All Those Mistakes Add Up

One of the reasons I work with the vinyl overlay is to reduce the errors of pencil drag that ends up placing the traced line in the wrong position. Meaning the applique is already off before you have ever taken a stitch. And then……

Another step in a journey of preparation is tracing the template, in my case freezer paper. Now I have created more error because it is humanly impossible to exactly trace over the drawn/printed line of the pattern. And then…….

Time for cutting out that imperfectly drawn template. We will always cut out a different overall shape compared to the original traced line of the template. We think we did good staying on the line, but we are human and it will never match up.


Can you mentally visualize how much we can be off in matching up to the drawn/printed design with a technique that needs to match up as precise as possible to be successful? No wonder hand applique has a bad reputation as the “A” word.

If I can eliminate as much of the human error interference as I can, guess what? A frustrating experience can suddenly become, dare I say? pleasurable?!


Eliminating the Tracing and Cutting Error Percentage

This brings me to my new toy. IMO, it works far better for handwork than cutting out fusible fabric pieces. Whatever floats your boat though.

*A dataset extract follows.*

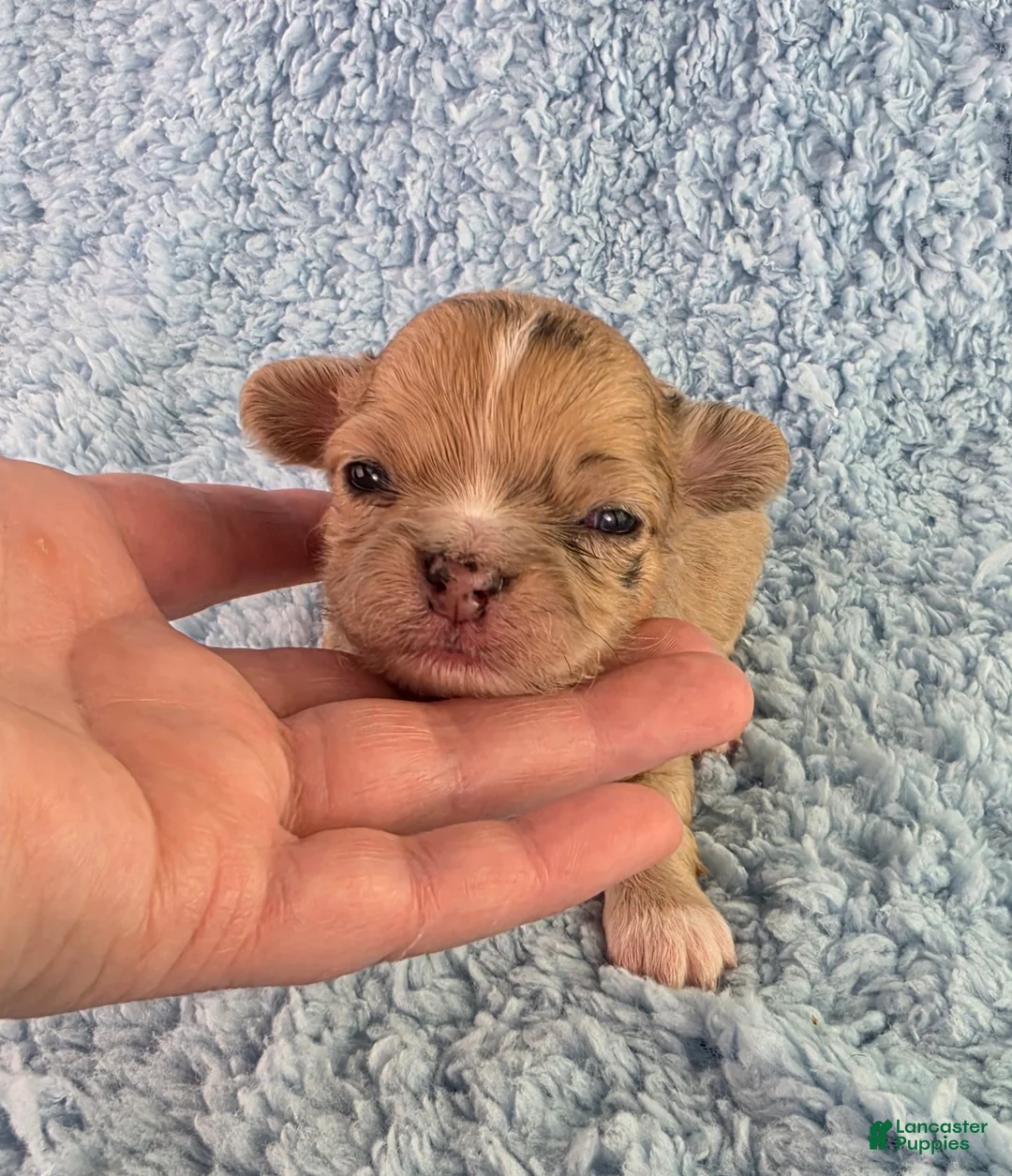 Chihuahua dogs for sale: AKC Nemo - Ad 2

Reducing two of the big factors in matching. Tracing & cutting the Template. Even if you use the acetate, this works. The machine just needs to recognize it is cutting acetate (in the cut settings menu).

With Illustrator, I have the ability to take my computer drawings and create a SVG file that works with the Cameo software. Sorry Brother Cut & Scan machine owners, the Brother software will not do this due to their proprietary software. The Brother will take a scanned file. Whether there is a slight size change to the image (much like a copy machine) I do not know.

As for the Cameo, there are tons of great YouTube videos that can help with scanning and cutting. I tend to figure out just what I need to know for what I do. Which is minimal with my lack of time.


I have opened up my Illustrator .svg file into the Silhouette software to cut templates for leaves out of 8.5 x 11″ freezer paper.



I instruct the software to trace the leaves and send to the machine to cut. My freezer paper is shiny side down on the Silhouette cutting mat and loaded into the machine and ready.




Then the magic happens……


You can see the cut images as the machine proceeds to cut all of the leaves. Because the mat is slightly sticky it holds the cut pieces in place until all is done.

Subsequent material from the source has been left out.